• Exercise description: Give the lines again exactly as they appear, beginning at the one with "DSCF8086_zpsadcaaab5.jpg~original" and ending at the last line of the records.

• Information given:
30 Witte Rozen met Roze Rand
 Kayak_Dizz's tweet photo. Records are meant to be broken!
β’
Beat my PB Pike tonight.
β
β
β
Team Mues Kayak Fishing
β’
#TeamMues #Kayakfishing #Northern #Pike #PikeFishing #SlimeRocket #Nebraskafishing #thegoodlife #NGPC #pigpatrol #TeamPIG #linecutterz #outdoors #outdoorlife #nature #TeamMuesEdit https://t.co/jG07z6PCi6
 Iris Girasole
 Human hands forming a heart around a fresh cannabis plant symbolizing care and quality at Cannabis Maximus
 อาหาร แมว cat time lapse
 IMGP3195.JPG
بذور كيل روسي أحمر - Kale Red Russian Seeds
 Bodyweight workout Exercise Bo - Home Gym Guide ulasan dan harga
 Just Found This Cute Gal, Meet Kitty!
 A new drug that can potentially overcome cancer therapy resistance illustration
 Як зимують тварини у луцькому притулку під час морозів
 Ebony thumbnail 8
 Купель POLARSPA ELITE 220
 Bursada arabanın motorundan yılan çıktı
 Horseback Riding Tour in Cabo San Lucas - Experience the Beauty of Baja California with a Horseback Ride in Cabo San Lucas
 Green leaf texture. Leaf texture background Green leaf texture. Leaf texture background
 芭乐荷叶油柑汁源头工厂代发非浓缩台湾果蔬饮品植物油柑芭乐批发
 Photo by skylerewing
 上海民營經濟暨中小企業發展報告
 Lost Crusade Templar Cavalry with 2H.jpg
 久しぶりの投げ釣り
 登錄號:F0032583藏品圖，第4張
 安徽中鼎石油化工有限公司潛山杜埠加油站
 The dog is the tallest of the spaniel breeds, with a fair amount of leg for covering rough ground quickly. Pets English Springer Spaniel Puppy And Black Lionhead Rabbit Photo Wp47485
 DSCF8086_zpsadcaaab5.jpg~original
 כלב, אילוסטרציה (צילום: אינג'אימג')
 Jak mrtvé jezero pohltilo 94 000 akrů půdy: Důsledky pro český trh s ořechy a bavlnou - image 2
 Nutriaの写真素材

• Task response:
 DSCF8086_zpsadcaaab5.jpg~original
 כלב, אילוסטרציה (צילום: אינג'אימג')
 Jak mrtvé jezero pohltilo 94 000 akrů půdy: Důsledky pro český trh s ořechy a bavlnou - image 2
 Nutriaの写真素材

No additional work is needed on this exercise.